Reagan flirted with it, but even he recognized limits. The rise of Morton Downey Jr, Rush Limbaugh and Neal Boortz really opened the flood gates. Somehow “nastiness” = “guts” in the minds of these people.
And their belief that free speech is the “right to be nasty without consequence” is their most cherished delusion.
I often say, “I don’t care if you are a racist (sexist, homophobe), your beliefs are your business, it is your actions that demand a response.”
A key responsibility of the resistance is to make these deplorable A-holes own their bad behavior.
Congratulations, BB. Do you still attend meetings? Asking for a friend.
No. I did go to AA for about 5 years.
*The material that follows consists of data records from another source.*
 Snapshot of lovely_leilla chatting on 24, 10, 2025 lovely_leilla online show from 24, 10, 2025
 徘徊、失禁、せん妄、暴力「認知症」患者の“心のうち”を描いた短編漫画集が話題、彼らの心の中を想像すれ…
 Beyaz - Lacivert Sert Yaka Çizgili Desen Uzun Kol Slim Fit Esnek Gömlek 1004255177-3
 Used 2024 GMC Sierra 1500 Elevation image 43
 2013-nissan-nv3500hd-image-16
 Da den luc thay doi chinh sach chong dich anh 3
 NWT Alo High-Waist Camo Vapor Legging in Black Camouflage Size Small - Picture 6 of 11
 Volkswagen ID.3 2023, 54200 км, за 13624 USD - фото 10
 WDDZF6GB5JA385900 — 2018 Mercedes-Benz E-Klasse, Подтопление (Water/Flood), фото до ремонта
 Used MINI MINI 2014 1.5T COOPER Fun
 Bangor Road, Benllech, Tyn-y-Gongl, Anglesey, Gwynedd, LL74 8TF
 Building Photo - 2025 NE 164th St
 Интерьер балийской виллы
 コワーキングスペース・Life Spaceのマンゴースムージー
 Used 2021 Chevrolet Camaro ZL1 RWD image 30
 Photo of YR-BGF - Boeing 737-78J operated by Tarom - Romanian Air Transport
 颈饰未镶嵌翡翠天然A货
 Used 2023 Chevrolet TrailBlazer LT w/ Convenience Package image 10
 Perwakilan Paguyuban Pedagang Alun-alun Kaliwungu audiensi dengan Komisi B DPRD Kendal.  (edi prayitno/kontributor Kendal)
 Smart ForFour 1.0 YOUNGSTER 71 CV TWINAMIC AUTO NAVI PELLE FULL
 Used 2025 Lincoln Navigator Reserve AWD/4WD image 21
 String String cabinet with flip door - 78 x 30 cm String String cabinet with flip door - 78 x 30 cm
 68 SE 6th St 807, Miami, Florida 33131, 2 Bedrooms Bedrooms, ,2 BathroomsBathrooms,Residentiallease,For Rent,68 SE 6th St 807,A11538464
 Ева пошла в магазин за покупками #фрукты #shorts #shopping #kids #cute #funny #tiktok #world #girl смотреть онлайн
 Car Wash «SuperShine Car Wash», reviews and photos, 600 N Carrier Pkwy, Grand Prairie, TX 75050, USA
I like a lot of the ideas, and use them in my life though.
Happy Anniversary, BB! And many more!
Thank you, Luna.
Write a letter, touch off a Middle East, uh, squabble? Only the best statesmanship.
Christ in a keffiyeh. Rulers like the Saudis, who are basically 3rd-generation mob bosses in a shame-based face-saving culture, always take so well to being told, “Hey. I bought you. Asshole.”
I’m sure that pile of rotting mashed potatoes doesn’t care that he just gave all-out war in the Middle East a big shove. It’d get Michael Cohen off the front page.
We are going to pay a high price for all this at the gas pump.
This was a great post B.B. just catching up now.